### What you should do
Search the entries below for "Gray", and copy each line where it appears.

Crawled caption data
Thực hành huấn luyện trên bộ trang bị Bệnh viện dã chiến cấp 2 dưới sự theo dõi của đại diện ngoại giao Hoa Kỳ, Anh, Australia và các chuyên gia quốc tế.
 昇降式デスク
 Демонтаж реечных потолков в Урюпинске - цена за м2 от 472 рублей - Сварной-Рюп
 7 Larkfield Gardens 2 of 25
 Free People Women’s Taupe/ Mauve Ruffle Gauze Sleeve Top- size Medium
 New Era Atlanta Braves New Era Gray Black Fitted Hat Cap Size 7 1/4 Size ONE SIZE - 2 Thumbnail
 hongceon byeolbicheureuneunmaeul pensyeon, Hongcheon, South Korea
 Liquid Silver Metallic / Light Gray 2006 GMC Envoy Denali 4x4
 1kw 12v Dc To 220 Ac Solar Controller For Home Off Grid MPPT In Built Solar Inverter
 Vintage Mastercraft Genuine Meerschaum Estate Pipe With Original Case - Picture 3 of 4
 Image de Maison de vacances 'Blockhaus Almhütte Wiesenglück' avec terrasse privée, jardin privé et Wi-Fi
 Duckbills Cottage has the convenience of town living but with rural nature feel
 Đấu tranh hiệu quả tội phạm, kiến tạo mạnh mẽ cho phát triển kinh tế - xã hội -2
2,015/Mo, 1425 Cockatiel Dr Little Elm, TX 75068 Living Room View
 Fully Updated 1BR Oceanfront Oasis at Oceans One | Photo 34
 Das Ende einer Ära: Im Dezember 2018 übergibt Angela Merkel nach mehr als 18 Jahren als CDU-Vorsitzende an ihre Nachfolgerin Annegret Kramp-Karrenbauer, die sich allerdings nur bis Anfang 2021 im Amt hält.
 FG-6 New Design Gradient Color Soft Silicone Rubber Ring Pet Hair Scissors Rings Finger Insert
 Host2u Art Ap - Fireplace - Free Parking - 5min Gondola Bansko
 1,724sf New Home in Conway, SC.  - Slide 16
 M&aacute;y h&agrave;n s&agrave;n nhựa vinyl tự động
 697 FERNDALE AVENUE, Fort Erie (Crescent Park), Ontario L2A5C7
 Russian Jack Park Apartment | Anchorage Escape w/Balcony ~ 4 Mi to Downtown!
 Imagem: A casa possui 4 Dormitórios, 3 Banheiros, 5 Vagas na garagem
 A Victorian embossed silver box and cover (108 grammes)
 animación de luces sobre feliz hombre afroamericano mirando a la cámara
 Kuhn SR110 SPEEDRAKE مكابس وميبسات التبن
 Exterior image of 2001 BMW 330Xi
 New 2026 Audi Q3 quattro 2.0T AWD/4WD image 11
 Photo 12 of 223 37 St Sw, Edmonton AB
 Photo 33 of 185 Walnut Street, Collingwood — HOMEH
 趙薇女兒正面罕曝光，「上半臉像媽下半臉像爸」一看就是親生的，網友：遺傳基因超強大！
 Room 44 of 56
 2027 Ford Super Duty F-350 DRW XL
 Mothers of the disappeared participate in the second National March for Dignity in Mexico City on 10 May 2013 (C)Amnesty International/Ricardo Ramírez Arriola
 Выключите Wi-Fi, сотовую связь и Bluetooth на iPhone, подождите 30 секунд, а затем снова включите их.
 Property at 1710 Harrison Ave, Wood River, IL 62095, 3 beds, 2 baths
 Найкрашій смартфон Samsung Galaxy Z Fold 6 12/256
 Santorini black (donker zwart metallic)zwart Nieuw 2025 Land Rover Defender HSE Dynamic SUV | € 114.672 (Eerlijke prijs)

### Exercise output
 New Era Atlanta Braves New Era Gray Black Fitted Hat Cap Size 7 1/4 Size ONE SIZE - 2 Thumbnail
 Liquid Silver Metallic / Light Gray 2006 GMC Envoy Denali 4x4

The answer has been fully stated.